Шрифт:
Закладка:
— Как вы пришли к такому мнению?
Джемис закатал рукав рубахи. Вдоль предплечья шел глубокий порез.
— Изо всех своих поединков я выходил победителем, — сказал воин. — Мне ни разу не доводилось быть раненым. Глядя на вас, я захотел узнать, каково это.
У Эрвина отвисла челюсть.
— Вы порезали руку и посочувствовали мне?! Что за чушь! Вы — Джемис Лиллидей или переодетая герцогиня София?!
— Нет, милорд. Я влил в рану несколько капель сока змей-травы. И понял одно: тот человек, каким я вас считал, не дожил бы до моего прихода.
— Ах, вот оно что!..
Они помолчали.
— Мне бы пригодился спутник на обратном пути, — сказал Эрвин. — Если вы готовы служить лорду-неженке, у вас есть такая возможность.
— Рад служить Дому Ориджин, милорд.
— Имейте в виду, — отметил Эрвин, — я не верну вам плащ, пока не уверюсь, что вы его достойны.
— Ничего другого я и не жду.
* * *
С Того Самого Мига прошло десять дней.
Хворь отступала — бежала с поля боя. Лихорадка больше не возвращалась. Рана ныла на закате и перед рассветом, и в дождь, и чесалась во все остальное время, но это не шло ни в какое сравнение с прежней болью. Левая рука действовала плохо, с трудом сгибалась в плече, но с каждым днем все лучше слушалась приказов.
Эрвин приобрел аппетит дворовой собаки. Всякий раз, как что-нибудь съедобное попадалось на глаза, рот наполнялся слюной, в желудке урчало, а мозг начисто лишался способности думать о чем-то, кроме еды. Время, когда Джемис поджаривал на костре куски зайчатины или оленины, распространяя вкуснейший аромат, становилось подлинным испытанием выдержки. В такие минуты Эрвин и Стрелец глядели костер совершенно одинаковыми тоскливыми взглядами и боролись с общим соблазном: сожрать мясо сырым.

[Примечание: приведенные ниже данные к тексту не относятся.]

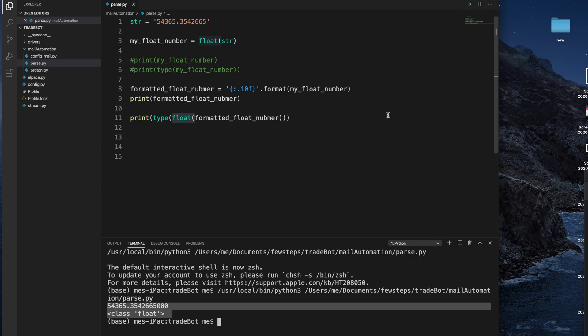So hopefully, guys, by watching this video you have a good understanding of how we can convert a string to a float number, and also how we can format it based on our requirement. Thank you for watching. If you like this video, please hit the like button and subscribe to our channel. See you in the next video.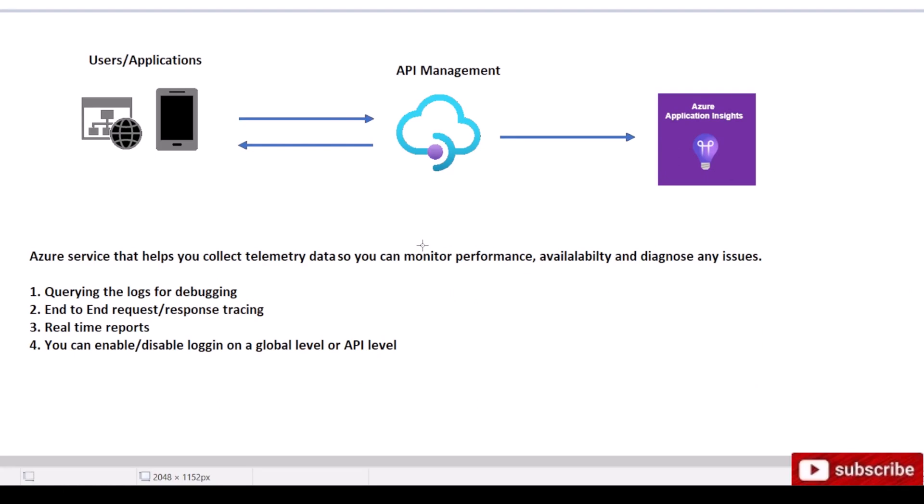Hello, so in the previous videos we created an API Management instance and then we secured it externally with an application gateway. Now we need to configure monitoring and logging. If you did not see the other videos and want to watch how to build the API instance, I'll leave the links in the description below.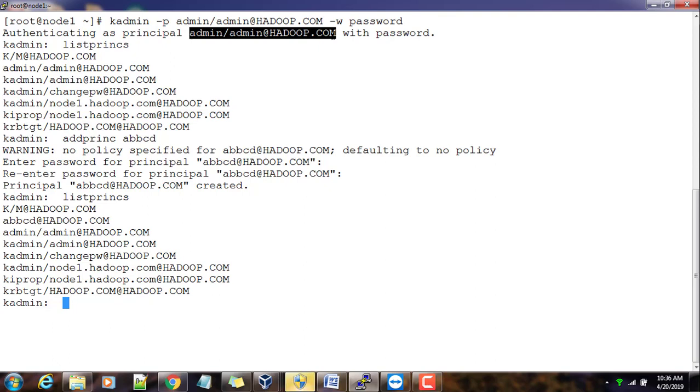That's it about installation and configuration of MIT Kerberos server. With that this concludes this demonstration. We'll see you in the next video. Thank you.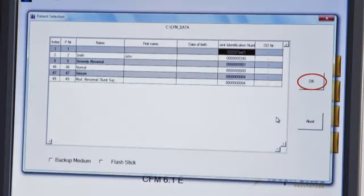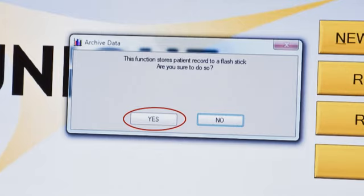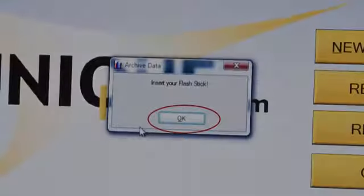Click the patient you wish to archive the data for. A message will appear asking if you want to archive to flash stick. Click yes.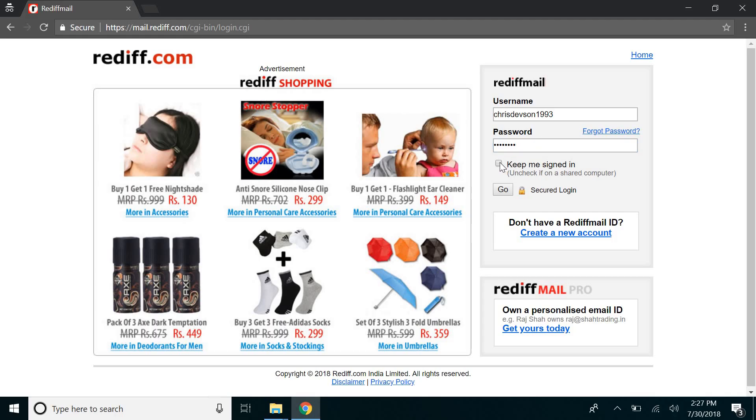And check on this box if you want to stay signed in your next session as well, and then just click on go.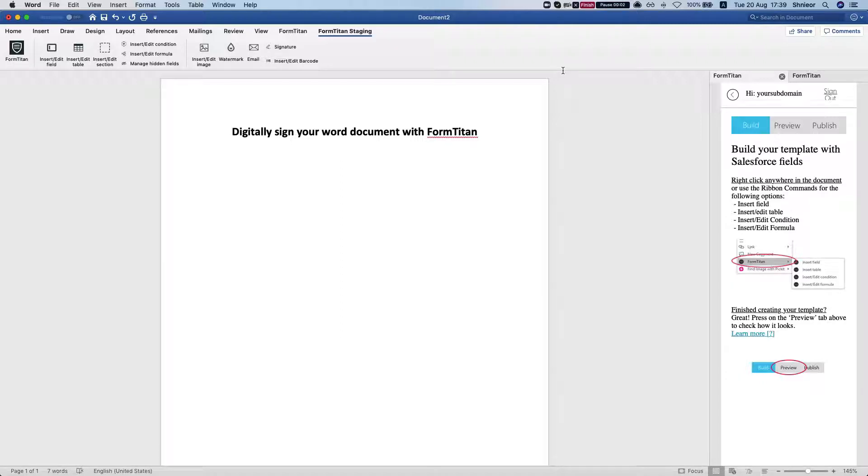Hey there Titans! In this video I'll show you how to get your Word document digitally signed with the FormTitan add-in for Word.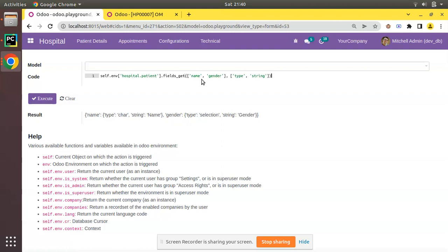of fields_get method in Odoo. If you like the video please click the like button and support us by leaving a comment. That's it for the day, have a nice day, thank you.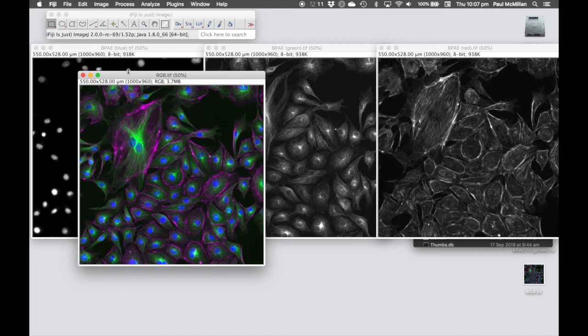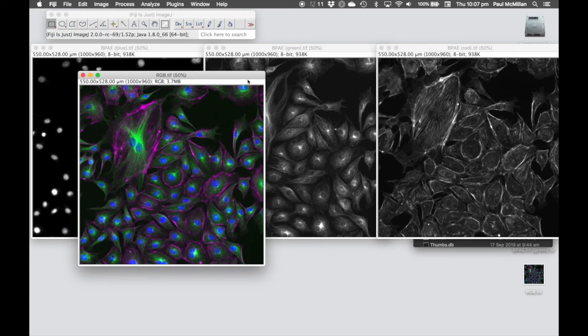So, nice and easy. That's how to take three individual channels and merge them into the same single image. Note that the channels need to be the same physical size for that merge to happen.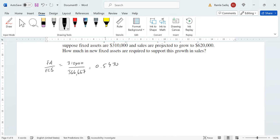Next, we want to calculate the total dollar amount of fixed assets needed at the new sales figure. So at the new sales figure, we're going to take this capacity that we've determined, and the total fixed assets that we're going to need equals this capacity at 0.5470, and we're going to multiply this by the amount of sales that we want to see, that's $620,000.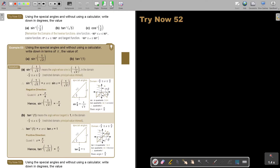Stop the video and do number A and number B, then continue when you are finished. Using special angles and without using a calculator, write down the answers in degrees. Make sure your calculator is on degrees mode — press mode, mode, 1.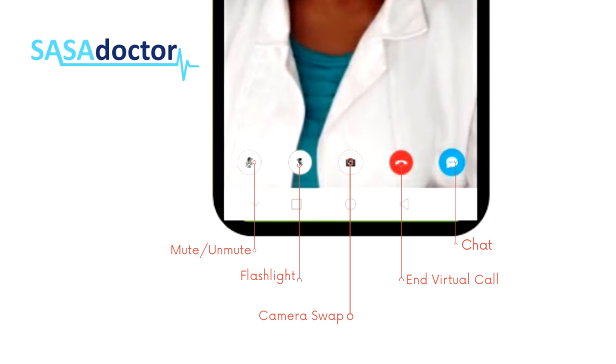On the consultation screen, there are four buttons to take note of. From left to right, there is a microphone icon — this is the mute and unmute button.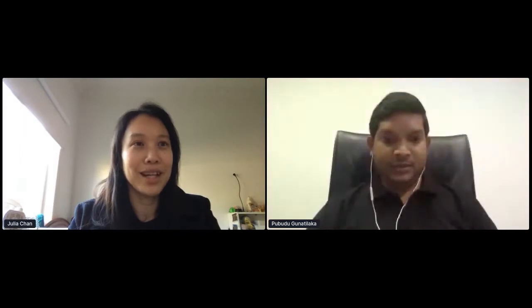The next speaker is Pupudu from WSO2. Pupudu is going to talk to us about productizing your microservices as an API product.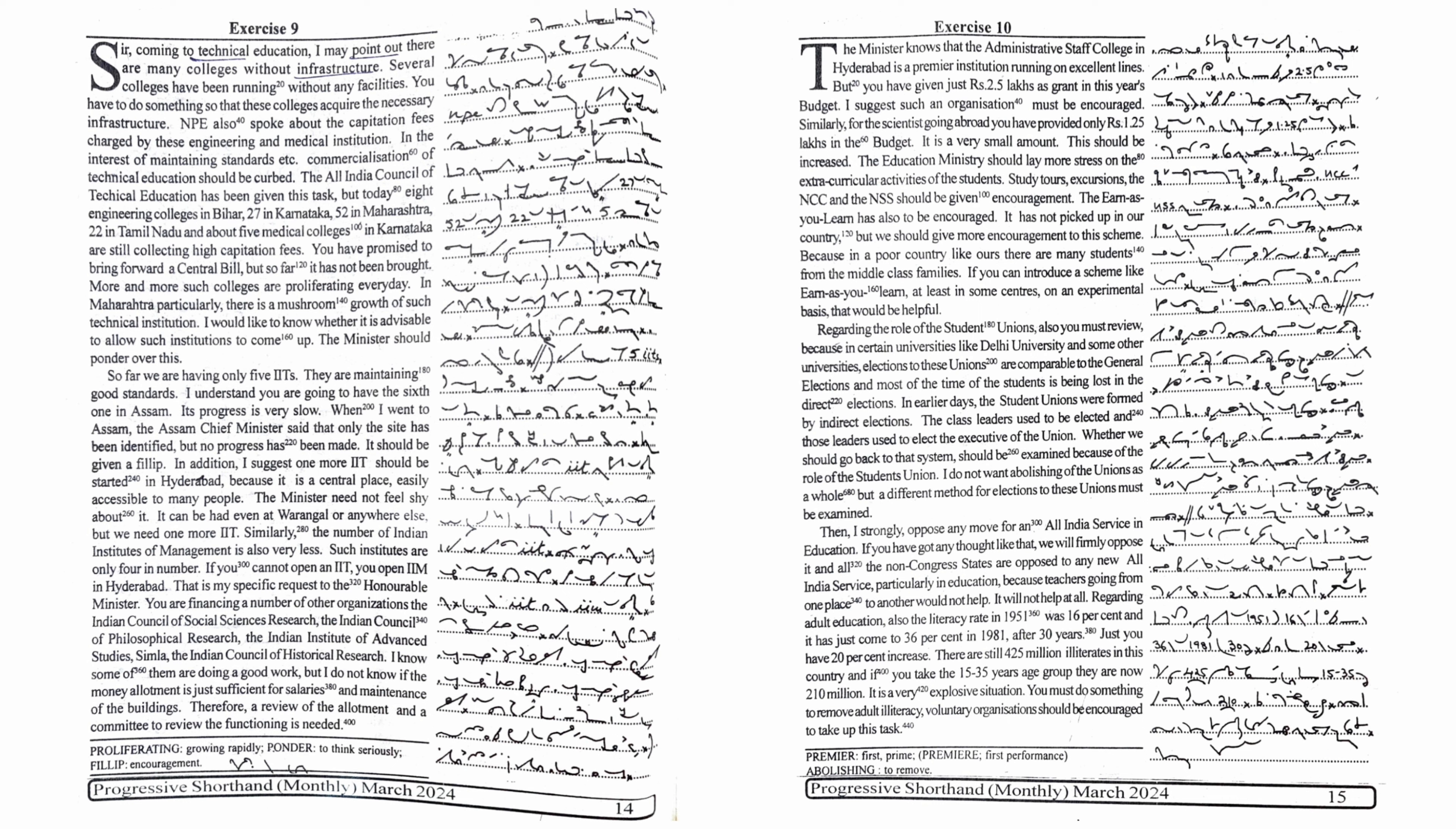It should be given a fillip. In addition, I suggest one more IIT should be started in Hyderabad because it is a central place, easily accessible to many people. The minister need not feel shy about it. It can be had even at Warangal or anywhere else, but we need one more IIT.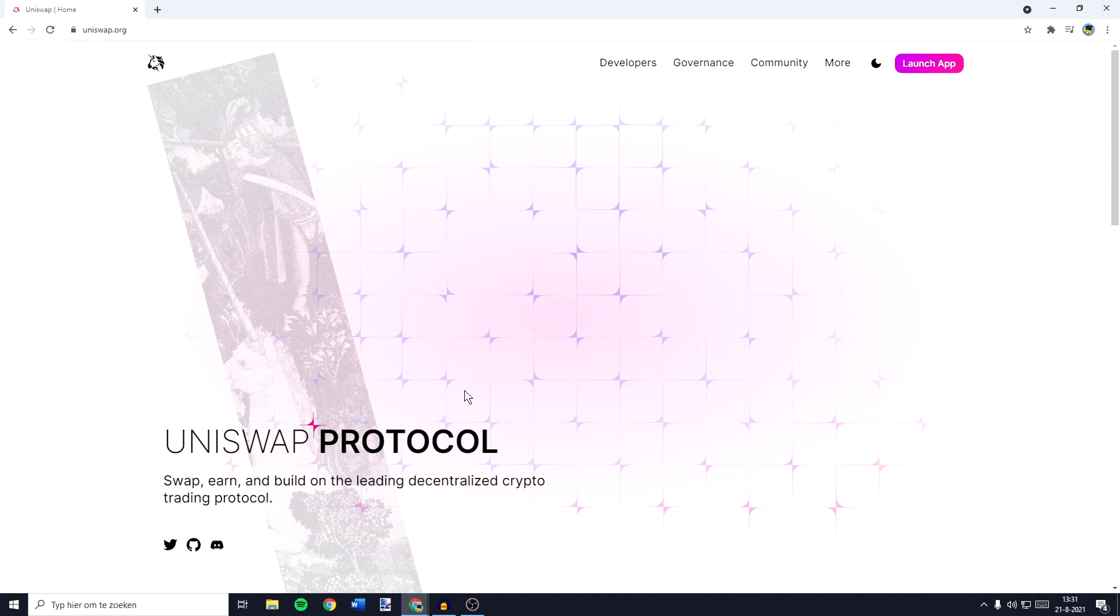Hey everyone and welcome to today's tutorial. In this video I will show you step by step how to connect Uniswap to Trustwallet.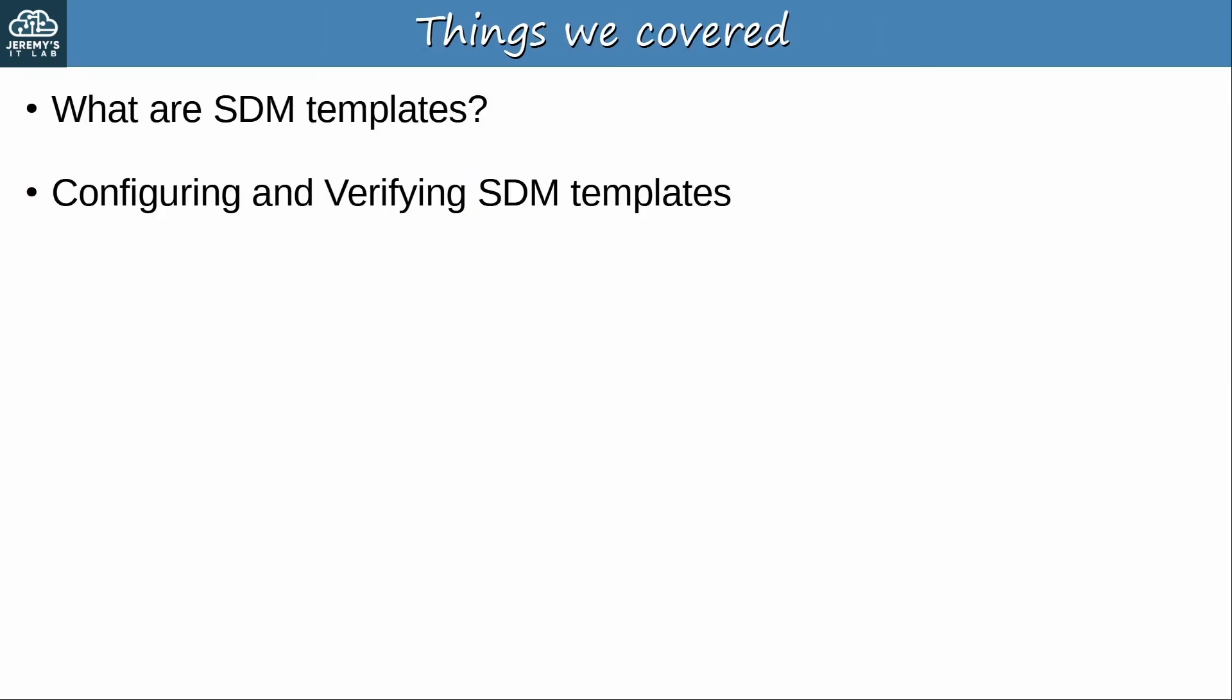Okay, in this video we covered SDM templates. Their purpose is to allow you to change how the switch's TCAM is allocated for different features. A switch doesn't have unlimited TCAM, so depending on how you use the switch, you may have to adjust the SDM template. Keep in mind that these SDM templates, their names, and how they allocate TCAM varies depending on the switch, so don't bother memorizing the template names and how they allocate TCAM. But if you're using a Cisco switch, it's a good idea to check out what SDM templates it supports, and perhaps change the SDM template if needed.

Эрвин заново научился ходить, от чего получал немалое удовольствие. Пройти за какие-то две минуты от землянки до поляны змей-травы, минуя волчью ягоду и лещину, — это просто сказка! Эрвин хорошо помнил время, когда этот маршрут занимал пару часов.
Он стал упражняться в стрельбе из арбалета. Это давало тренировку и рукам, и глазомеру, и ногам: болтов имелось не так уж много, хочешь стрелять — будь добр, ходи и собирай. Об охоте на белок, как и прежде, он мог лишь мечтать, однако научился всаживать болты в тонкие сосны шагов с сорока.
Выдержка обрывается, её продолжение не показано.